Por mucho que la Justicia haya sentenciado que no existió odio en la campaña que Vox puso en marcha contra los menores inmigrantes no acompañados (menas) en las recientes elecciones de Madrid, hay hemeroteca más que suficiente y tuits incendiarios de los dirigentes voxistas como para concluir que no predican precisamente la paz entre las gentes por encima de ideologías políticas, ni la integración entre las razas y los pueblos, ni el respeto a movimientos sociales como el feminismo o los animalistas. Tampoco se han mostrado precisamente educados con las personas homosexuales, bisexuales y transexuales, si nos atenemos al discurso que mantiene gente como Rocío Monasterio, una mujer partidaria de llevar el “Día del Orgullo Gay y fiestas similares a la Casa de Campo” (el lugar que Vox quiere convertir en el gueto de los marginados de Madrid).

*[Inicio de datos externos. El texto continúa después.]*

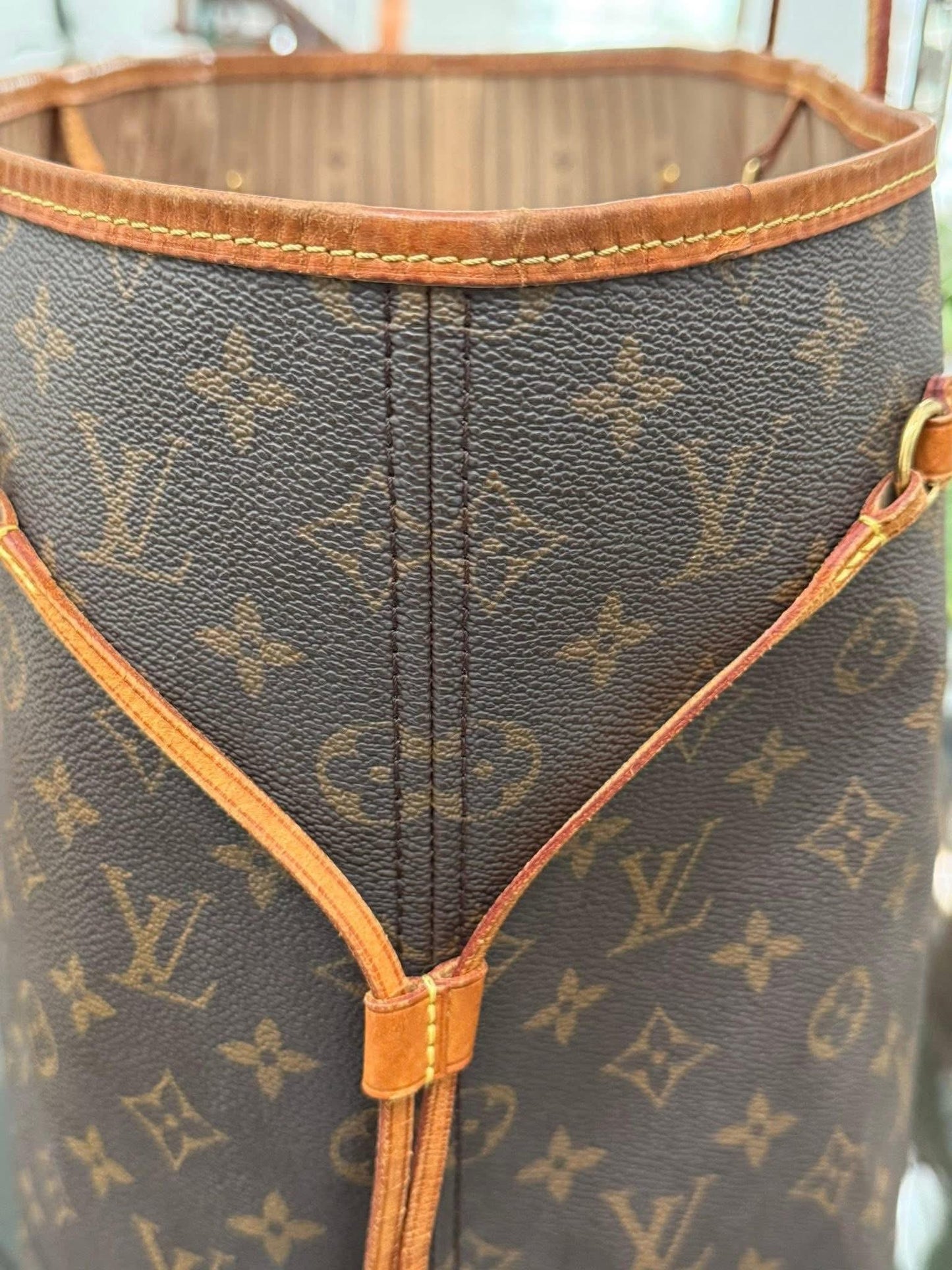 Neverfull GM in Monogram with Insert Organizer 📅 Year: 2011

Otros miembros del partido verde tampoco se han cortado un pelo a la hora de decir que el Orgullo Gay causa verdaderos problemas y atascos y deja demasiada basura a su paso, tomando a sus participantes por un hatajo de guarros repugnantes a los que el Ayuntamiento debería pasar la factura con los gastos de limpieza de la fiesta. Pero eso tampoco es un discurso de odio, qué va, es armonía, paz y amor entre los hombres y mujeres de buena voluntad.
Ninguna de estas cafradas que van soltando los responsables de Vox caen en saco roto y más tarde o más temprano remueven la bilis de los intolerantes, de los hombres de acción con más músculo que neuronas, de los que pasan de la teoría y la boutade retórica en Twitter al puñetazo en un ojo, la navaja, el bate de béisbol y el puño americano, mecanismos discursivos mucho más sangrientos y trágicos que los tuits faltones de Abascal.
La verborrea trumpista de Vox, su jerga belicista, toda esa basura ideológica sobre la batalla cultural, el desprecio a las “feminazis” y a los menas, la ridiculización de la derechita cobarde y el rechazo al “consenso progre” (que en definitiva es la negación total de los cuarenta años de avances en derechos humanos y derechos sociales en este país) forman parte de un relato que si no entra dentro de la categoría del odio poco le falta.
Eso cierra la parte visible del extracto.